[Exercise]
Using only the entries below, output the lines starting at the one containing "MEROKEETY Women's Oversized" and ending at the one containing "Aperturee - Buntglas", exactly and inclusive of both, omitting the pictures.
Raw data: Begin
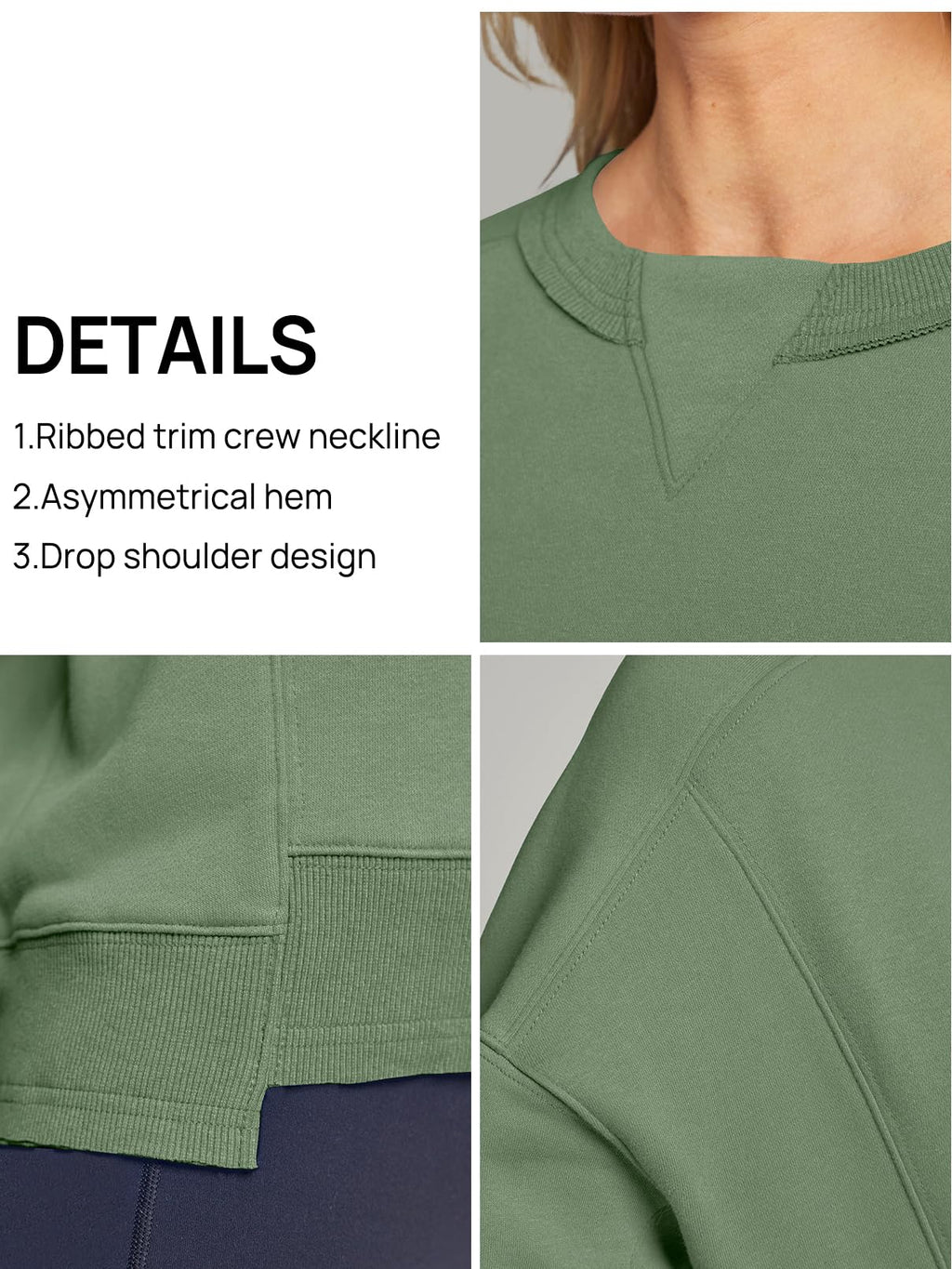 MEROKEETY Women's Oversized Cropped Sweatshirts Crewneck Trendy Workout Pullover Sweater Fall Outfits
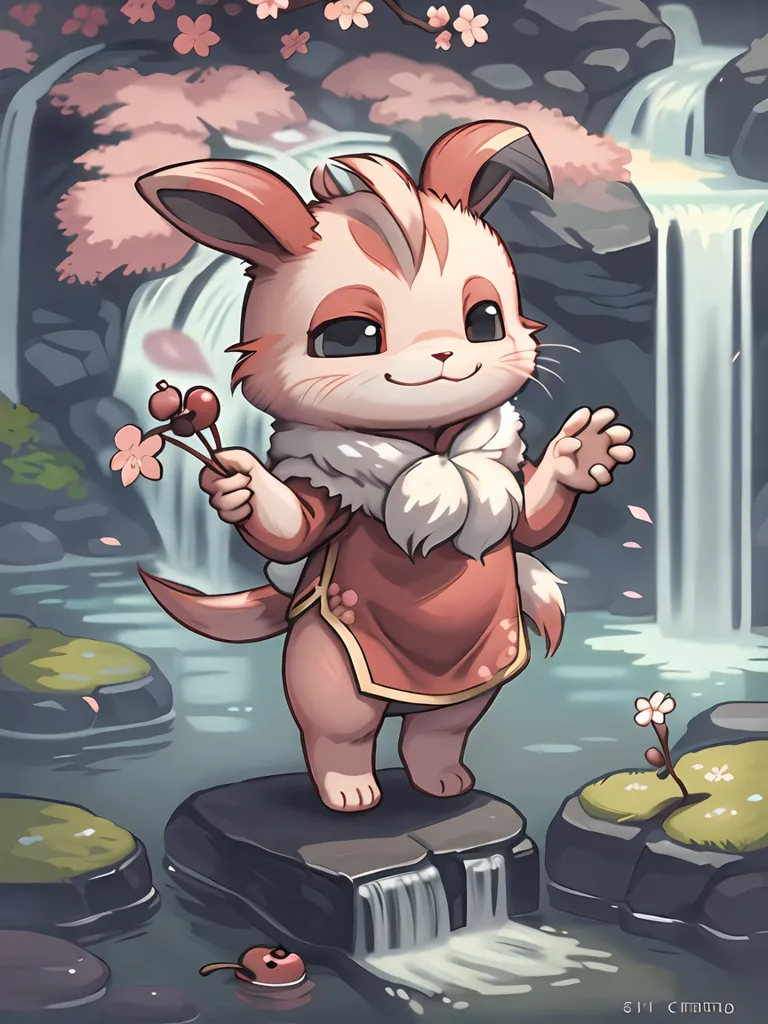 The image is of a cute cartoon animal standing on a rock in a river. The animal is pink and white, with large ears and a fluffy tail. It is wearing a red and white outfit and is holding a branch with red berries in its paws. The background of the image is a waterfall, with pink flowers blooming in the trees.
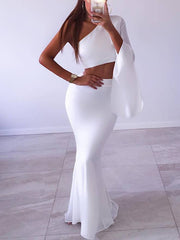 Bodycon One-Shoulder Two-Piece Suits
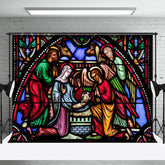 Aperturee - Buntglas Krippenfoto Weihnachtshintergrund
Raw data: End
Raw data: Begin
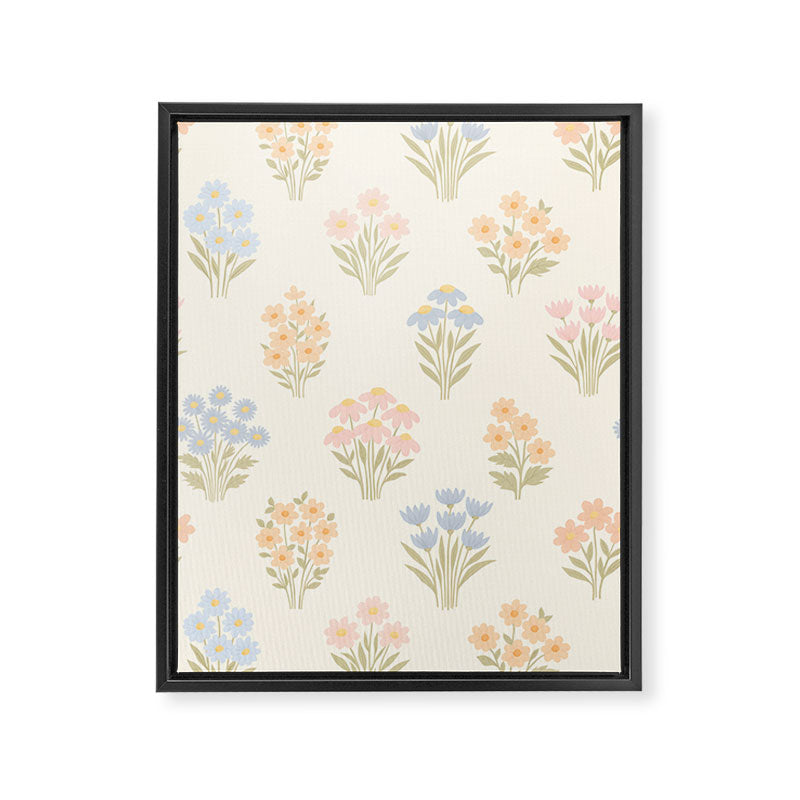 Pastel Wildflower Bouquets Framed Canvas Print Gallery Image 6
Raw data: End
[Exercise result]
 MEROKEETY Women's Oversized Cropped Sweatshirts Crewneck Trendy Workout Pullover Sweater Fall Outfits
 The image is of a cute cartoon animal standing on a rock in a river. The animal is pink and white, with large ears and a fluffy tail. It is wearing a red and white outfit and is holding a branch with red berries in its paws. The background of the image is a waterfall, with pink flowers blooming in the trees.
 Bodycon One-Shoulder Two-Piece Suits
 Aperturee - Buntglas Krippenfoto Weihnachtshintergrund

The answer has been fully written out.